A Kafka cluster is composed from nodes which are called brokers. Producer client connects to a broker and push a message. Internally, the broker create a sequence number per message, append the message to a log file located in the node’s local hard disk. For effcient fetch of a message – the brokers manage an offset table with a sequence number as the key and value of the seek location of the message in the log file and its size. In Kafka, the consumer is responsible to track which messages he already consumed and not the server. Other message queues approach this tracking differently – their server track this data for each of their consumers. After a message is consumed by a client it is not removed by the server so other consumers can consume it later including the consumer that just consumed it. This can be helpful in case data need to processed again (replay) by the consumer after some fault in the first processing. The messages will be kept for some period – this is also handled differently in other message queue systems: usually they delete the message from the queue once its consumer consumed the message. To emphasis – the queue is actually implemented by continuous log file on node’s local disk.
You might wonder at this point how Kafka manages efficient reads and writes to local disk. Kafka interaction with the local disk has two characteristic: 1) it appends new writes to an open file(i.e., the message-log-file) and 2) it usually reads continues area from disk. This characteristic lets Kafka rely on OS disk cache for optimizing its reads from and writes to disk. The OS cache is highly efficient, always enabled and it’s optimized for appends calls and for multi reads from a continues area on disk. More advantages of using OS level cache is that the Kafka’s processes uses little JVM’s heap space so avoiding all GC related issues, and in case the broker restart its does not need to run any cache-warm-up as the OS cache is not cleared when process terminates. Another optimization strategy used by Kafka is to reduce unnecessary copy of data – for example copy of data from network buffers from the OS into the application buffers. This is achieved by using Linux’s sendfile API that read data directly from disk (hopefully from OS disk cache) and routing it directly to a network socket without passing through the application and so avoid the unnecessary copy of buffers.

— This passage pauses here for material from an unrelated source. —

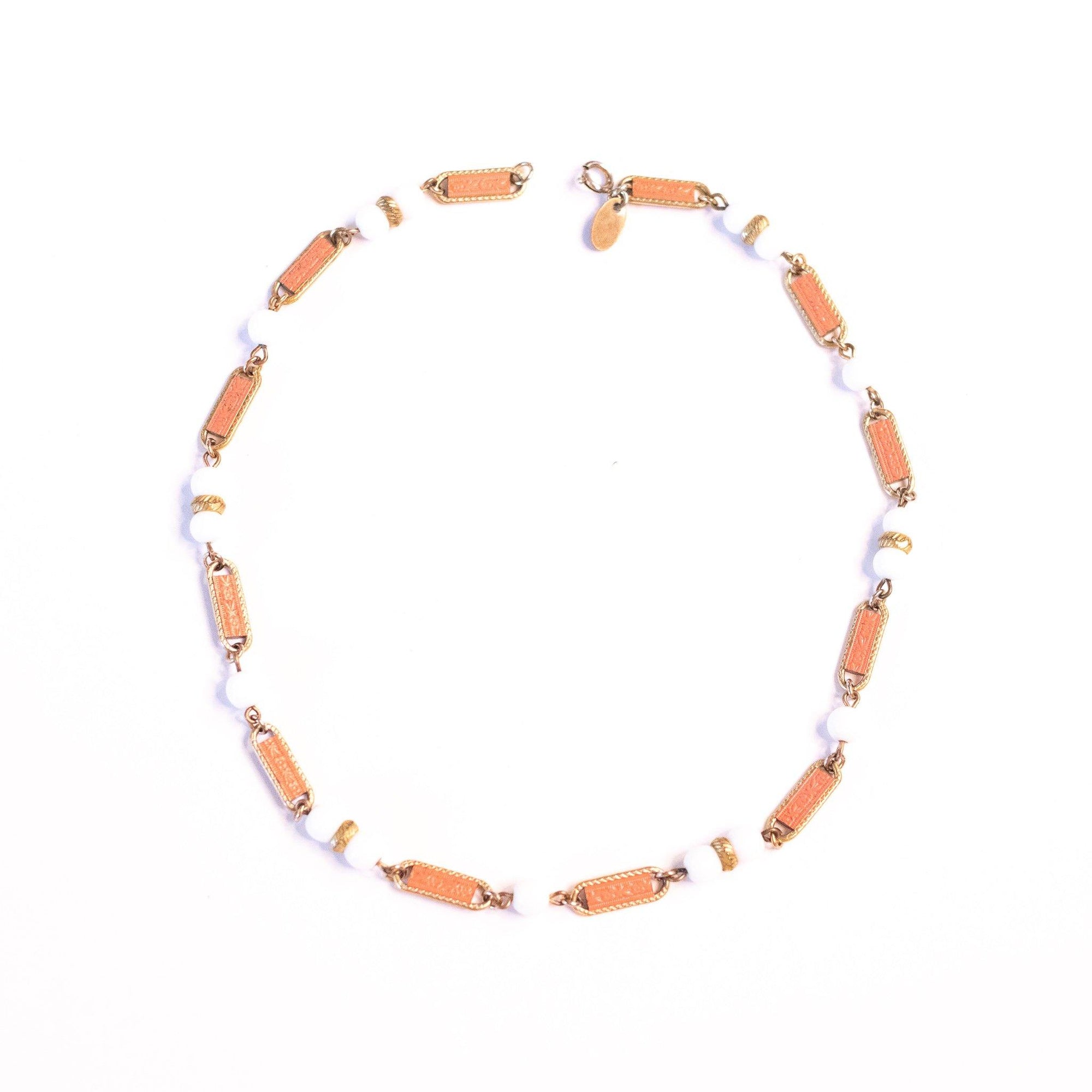 Vintage Les Bernard Victorian Revival Milk Glass and Bookchain Style Necklace by Les Bernard - Vintage Meet Modern Vintage Jewelry - Chicago, Illinois - #oldhollywoodglamour #vintagemeetmodern #designervintage #jewelrybox #antiquejewelry #vintagejewelry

Now, consider the use case where several producers and consumers are interested in different type of messages. In order to support this use case – Kafka is using the abstraction of ‘topic‘. Producer is sending messages to a topic and consumers are reading messages from a topic.
In order to support large volume of messages and parallel consumption – Kafka introduced the concept of topic’s partitioning which means that when producing to a topic – the producer also specify the method for partitioning the messages e.g., via round robin or by specifying a partition function and message’s field that together define a partition per message. for example if there are 5 partitions with a single topic on a Kafka cluster with 5 brokers – then each broker will manage (lead) one of the partitions. Order between messages is kept between messages in the same partition only. High availability is achieved by replicating partition to other brokers so in case of a failure in one node – another node starts to manage the partitions. Usually, there are more topics and partitions than the number of cluster nodes so a typical broker will have several managed partitions and several replication for other partitions which are managed in different brokers. Replication to brokers achieved by a broker act like a regular client that consumes a specific partition. All producers of a partition write to the same broker that manage this partition and the same goes for consumers of a partition- they all read from the same broker.
Kafka introduced the concept of consumer-group which allow consumers to share the consumption of a topic so each message is return to only one consumer. a topic can be consumed by multiple consumer groups. in case a set of consumers would like to consume the same messages of a topic – they all need to belong to different consumer-group.